The Danish director Benjamin Christensen's film Haxan, one of the silent cinema's genuine oddities, forms in essence an illustrated lecture on the origins and practice of witchcraft through the ages. Jolly woodcarvings featuring cannibalism and blasphemy are spliced with facts both bewildering ("After a meeting, [witches] might sneak into a barn and bewitch a cow") and jaw-dropping (it's claimed some eight million were killed by authorities across Europe on suspicion of practising black magic); these, in turn, are interwoven with fictional recreations of devilry. There's some crossover with early peephole material: Satan (played by a bald, portly middle-aged man with stick-on ears and claws) lures several nude wives and their lissom daughters out of their beds.

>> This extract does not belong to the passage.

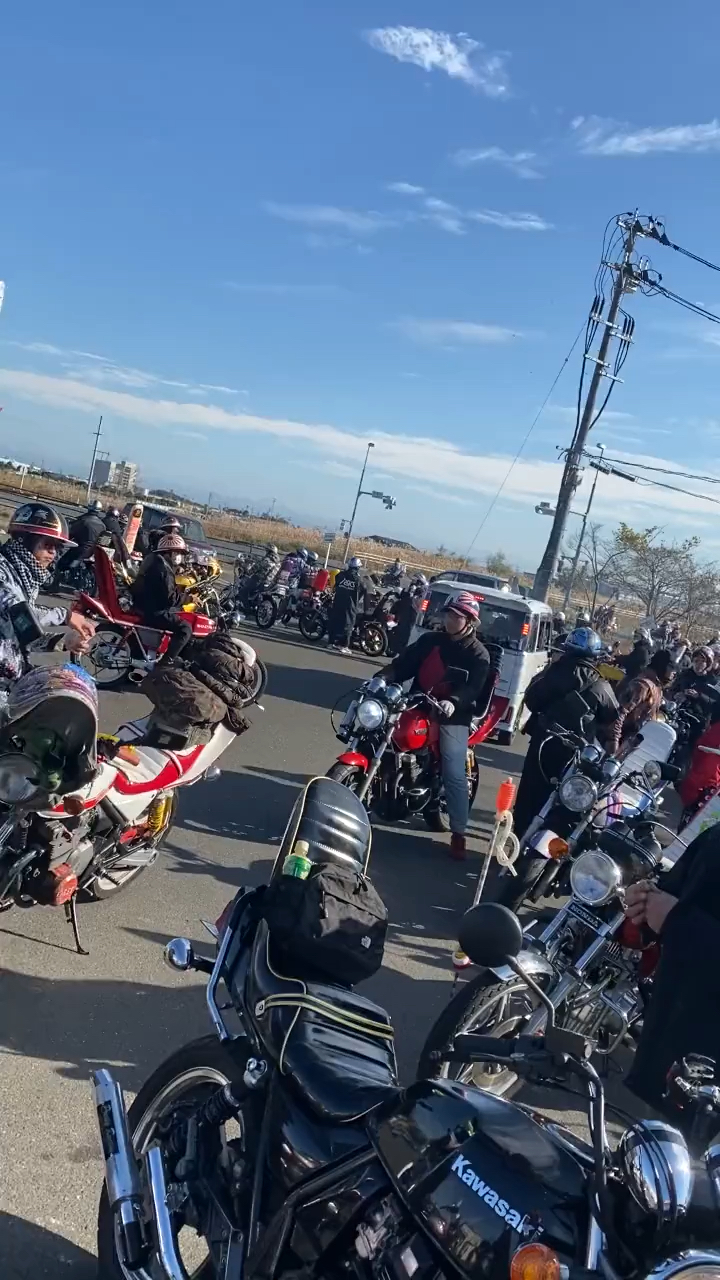 日本街头的摩托暴走族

More generally, Christensen appears to have intended the film as a rational reframing of primitive beliefs; the irony being that, with its flickering, tinted and wordless images, and its hysterical conclusions (that well-known actors and handsome doctors are the new devils keeping women up all night, that female aviators can be compared to witches on broomsticks), that framing now looks fairly primitive in itself. Still, the mix of approaches - arriving at then-modern melodrama only after its early flirtations with early stop-motion photography and graphic horror tableaux - reveals that, back in the early 1920s, European filmmakers were both formally and thematically more audacious than their American contemporaries. A cinema of spirits, angels and demons - this was a universe Carl Dreyer, and later Ingmar Bergman, would find it very easy to operate within.

Haxan is available on DVD from Tartan.